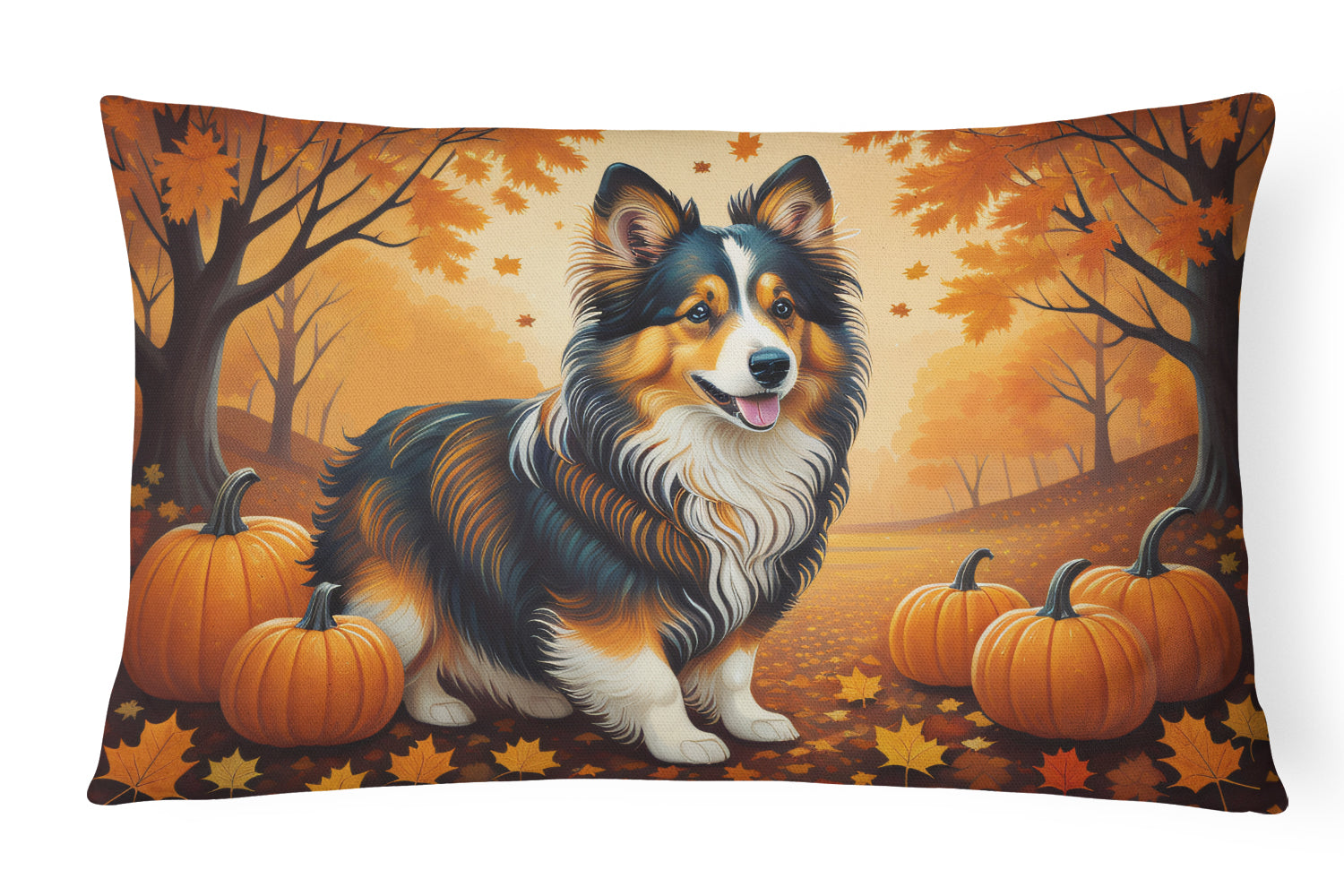 Buy this Sheltie Fall Fabric Decorative Pillow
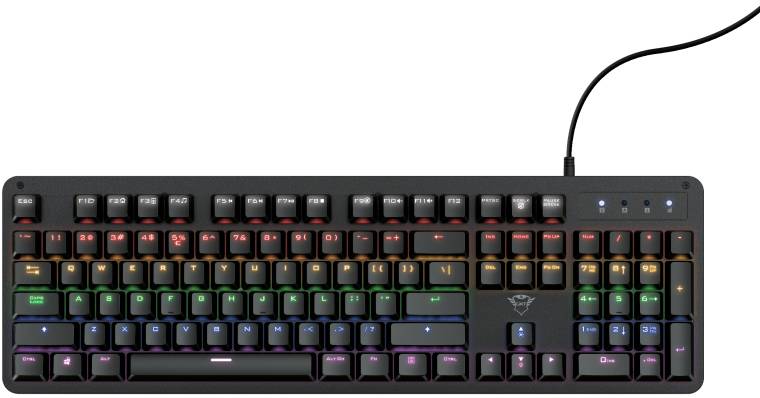 Trust Qwertz GXT 863 MAZZ USB, Kabelgebunden Gaming-Tastatur Deutsch, QWERTZ Schwarz Multimediatasten, Beleuchtet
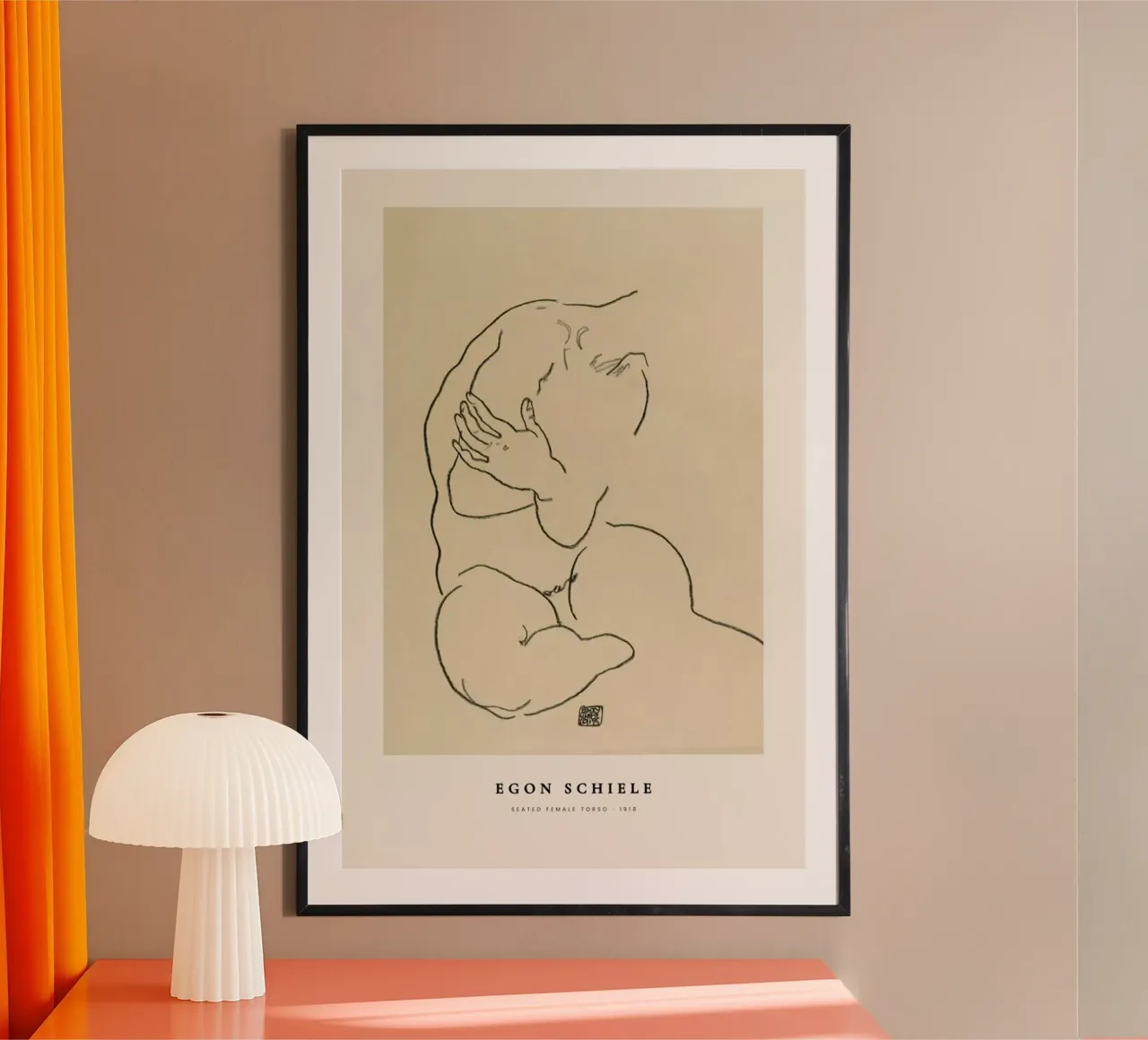 Schiele - Seated Female Torso poster con telaio in plastica da Vintage by JUNIQE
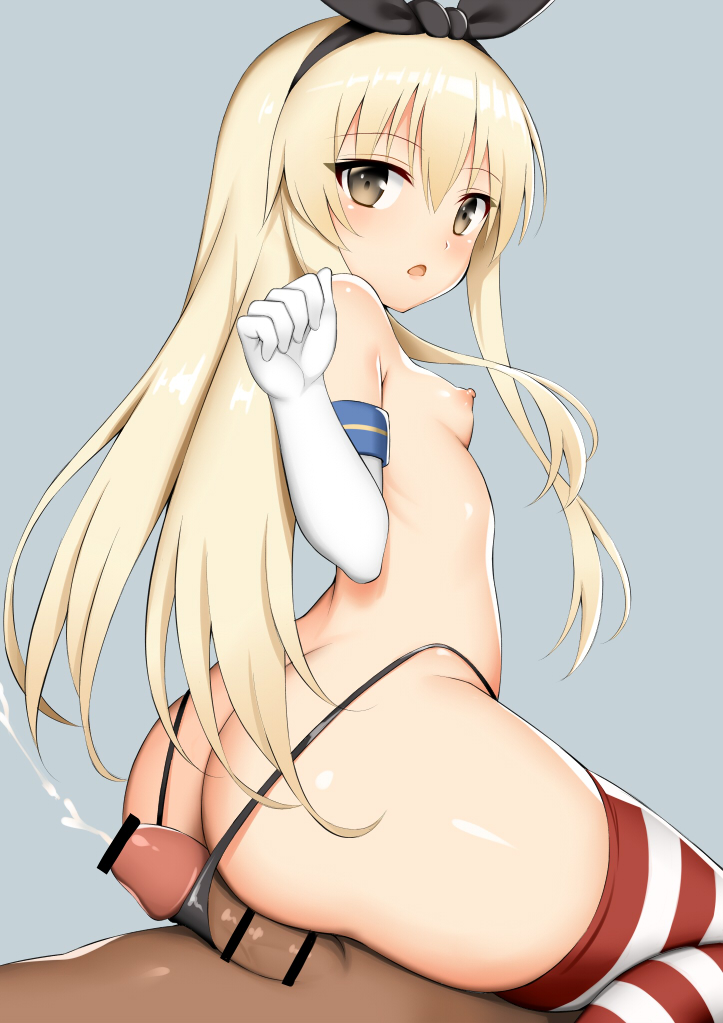1boy 1girl ass assjob black_panties black_underwear blonde blush breasts buttjob contentious_content dark-skinned_male duo elbow_gloves eyebrows_visible_through_hair female_focus girl_on_top gloves hair_between_eyes hairband interracial kantai_collection long_hair looking_at_viewer looking_back lying male nipples on_back open_mouth panties panty_pull red_legwear reverse_cowgirl_position shimakaze_(kantai_collection) shiny shiny_skin small_breasts solo_focus straddling striped striped_legwear toshishikisai underwear white_gloves white_legwear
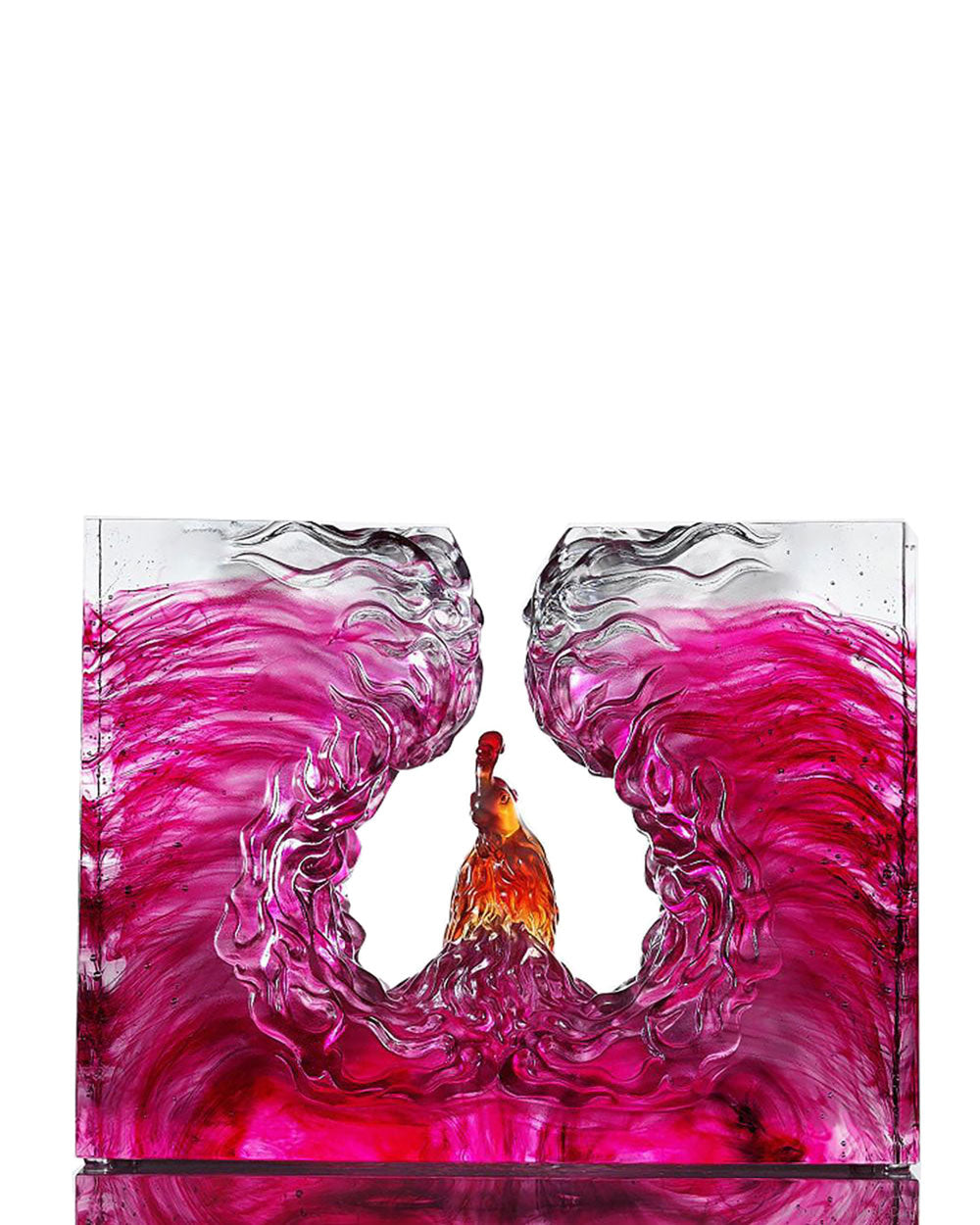 LIULI Crystal Art Crystal Mythological Bird, Pheonix, "Illuminated Heart of Fire and Wind"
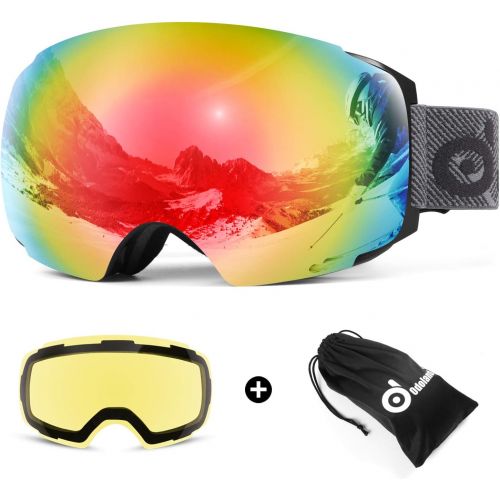  Odoland Magnetic Interchangeable Ski Goggles with 2 Lens, Large Spherical Frameless Snow Snowboard Goggles for Men Women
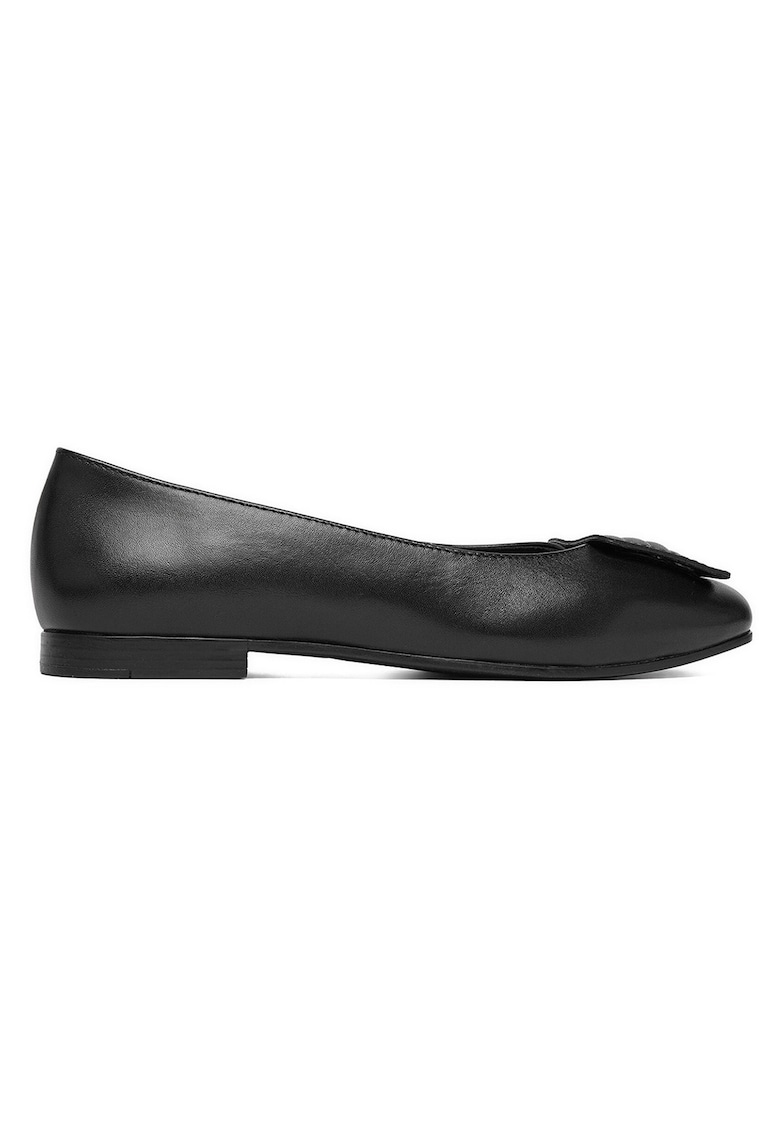 Balerini piele naturala - negru - varf rotund -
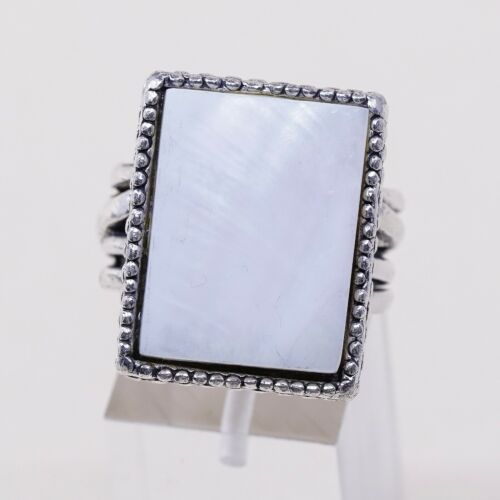 Sz 7, Vtg Israel Sterling Silver Handmade Ring W/ MOP, stamped 925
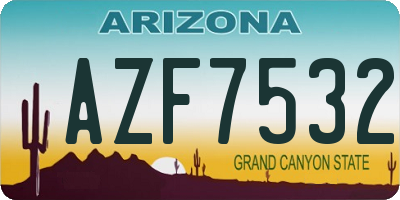 AZ license plate AZF7532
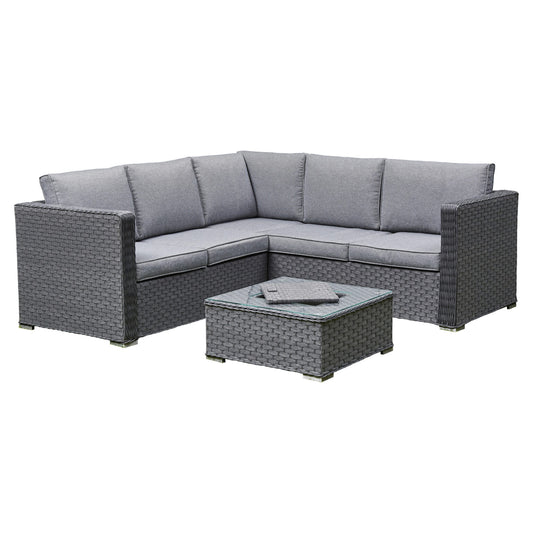 Nova Rattan Corner Sofa Set with Ice Bucket Grey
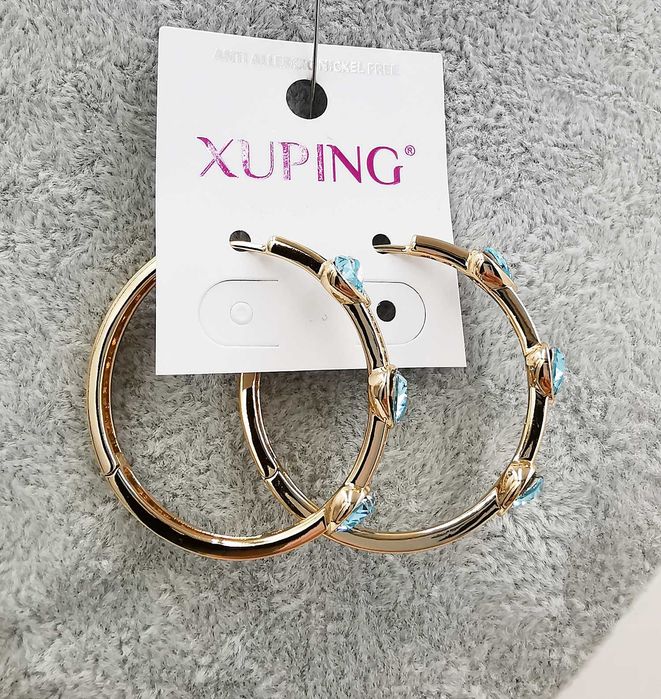 Kolczyki 18K pozłacane 39/6 MM sapphire light crystal Swarovski
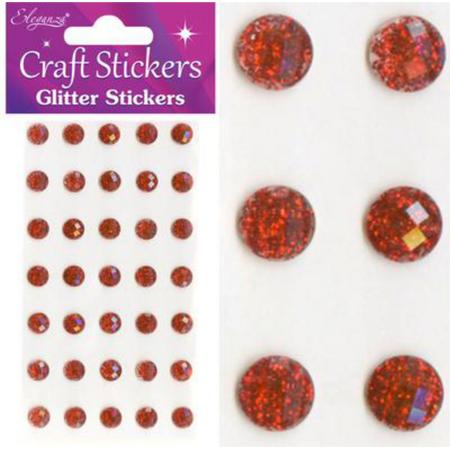 Stickers Glitter Diamantjes Rood (per vel)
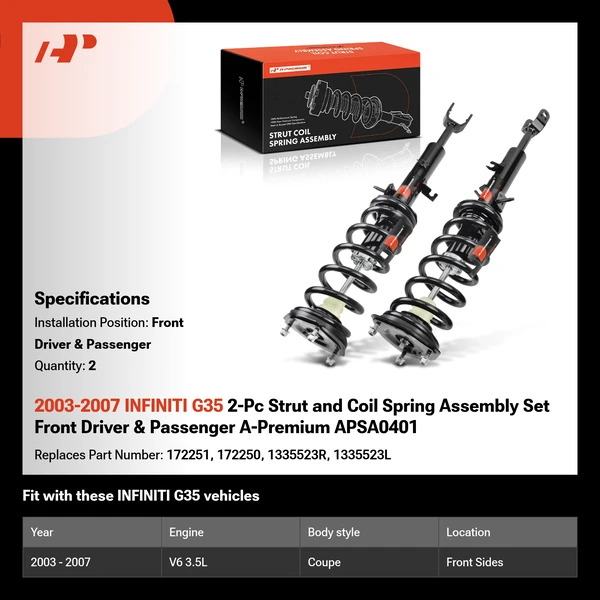2003-2007 INFINITI G35 2-Pc Strut and Coil Spring Assembly Set Front Driver & Passenger A-Premium APSA0401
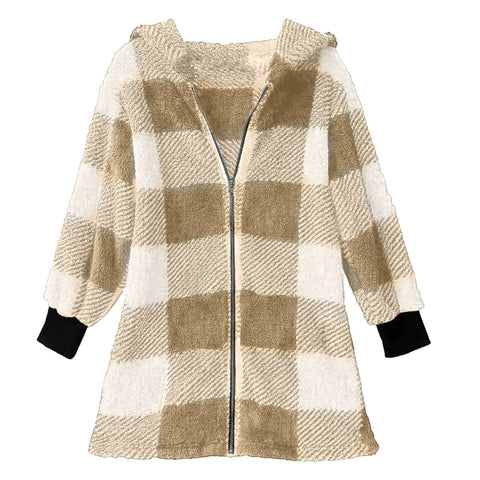 Long Sleeve Plaid Hooded Zipper Pocket Loose Jacket m302168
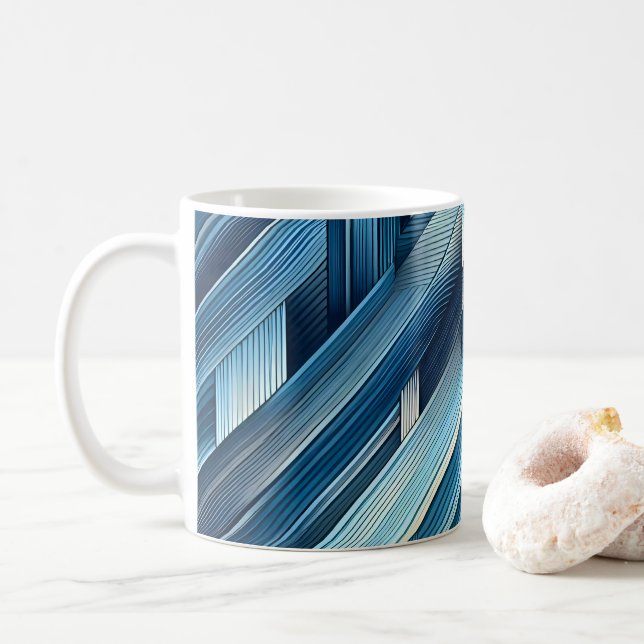 Taza De Café Líneas Azules de Movimiento (Con donut)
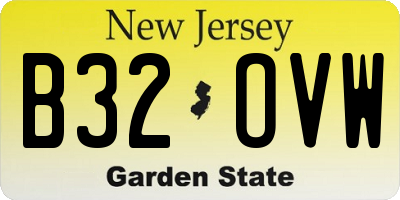 NJ license plate B32OVW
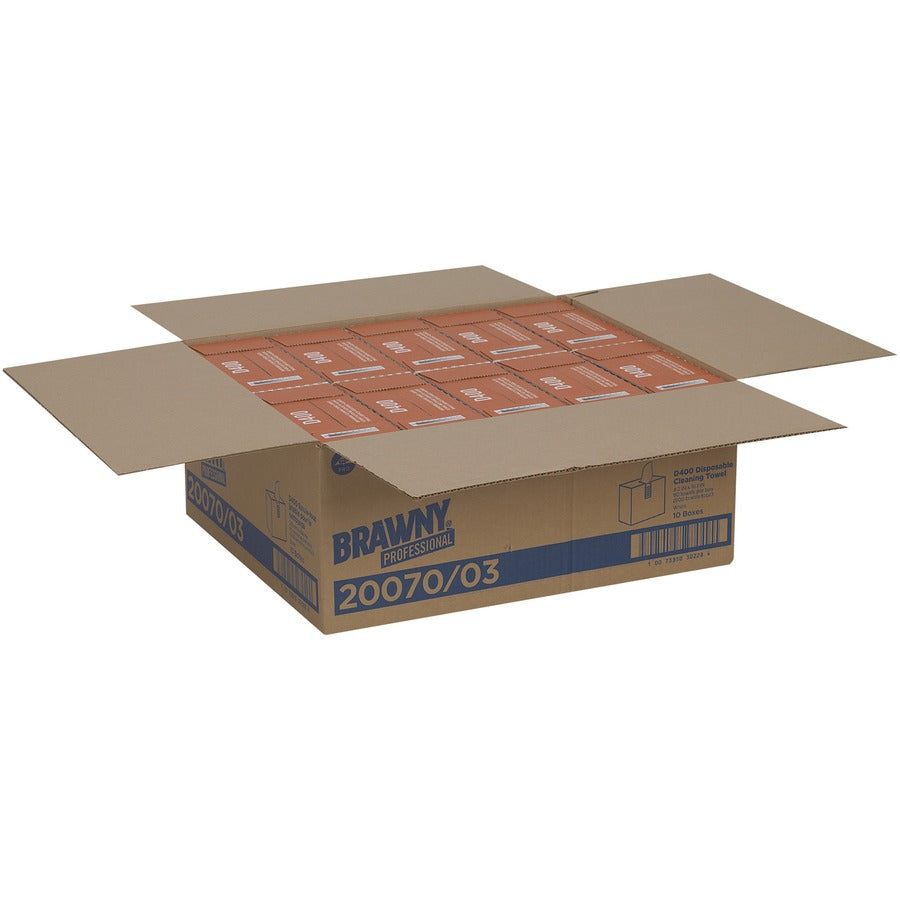 Brawny&reg; Professional D400 Disposable Cleaning Towels - Top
◆ ◆ ◆ ◆
Return the lines above exactly; the images are not part of the copy.

 Buy this Sheltie Fall Fabric Decorative Pillow
 Trust Qwertz GXT 863 MAZZ USB, Kabelgebunden Gaming-Tastatur Deutsch, QWERTZ Schwarz Multimediatasten, Beleuchtet
 Schiele - Seated Female Torso poster con telaio in plastica da Vintage by JUNIQE
1boy 1girl ass assjob black_panties black_underwear blonde blush breasts buttjob contentious_content dark-skinned_male duo elbow_gloves eyebrows_visible_through_hair female_focus girl_on_top gloves hair_between_eyes hairband interracial kantai_collection long_hair looking_at_viewer looking_back lying male nipples on_back open_mouth panties panty_pull red_legwear reverse_cowgirl_position shimakaze_(kantai_collection) shiny shiny_skin small_breasts solo_focus straddling striped striped_legwear toshishikisai underwear white_gloves white_legwear
 LIULI Crystal Art Crystal Mythological Bird, Pheonix, "Illuminated Heart of Fire and Wind"
  Odoland Magnetic Interchangeable Ski Goggles with 2 Lens, Large Spherical Frameless Snow Snowboard Goggles for Men Women
 Balerini piele naturala - negru - varf rotund -
 Sz 7, Vtg Israel Sterling Silver Handmade Ring W/ MOP, stamped 925
 AZ license plate AZF7532
 Nova Rattan Corner Sofa Set with Ice Bucket Grey
 Kolczyki 18K pozłacane 39/6 MM sapphire light crystal Swarovski
 Stickers Glitter Diamantjes Rood (per vel)
2003-2007 INFINITI G35 2-Pc Strut and Coil Spring Assembly Set Front Driver & Passenger A-Premium APSA0401
 Long Sleeve Plaid Hooded Zipper Pocket Loose Jacket m302168
 Taza De Café Líneas Azules de Movimiento (Con donut)
 NJ license plate B32OVW
 Brawny&reg; Professional D400 Disposable Cleaning Towels - Top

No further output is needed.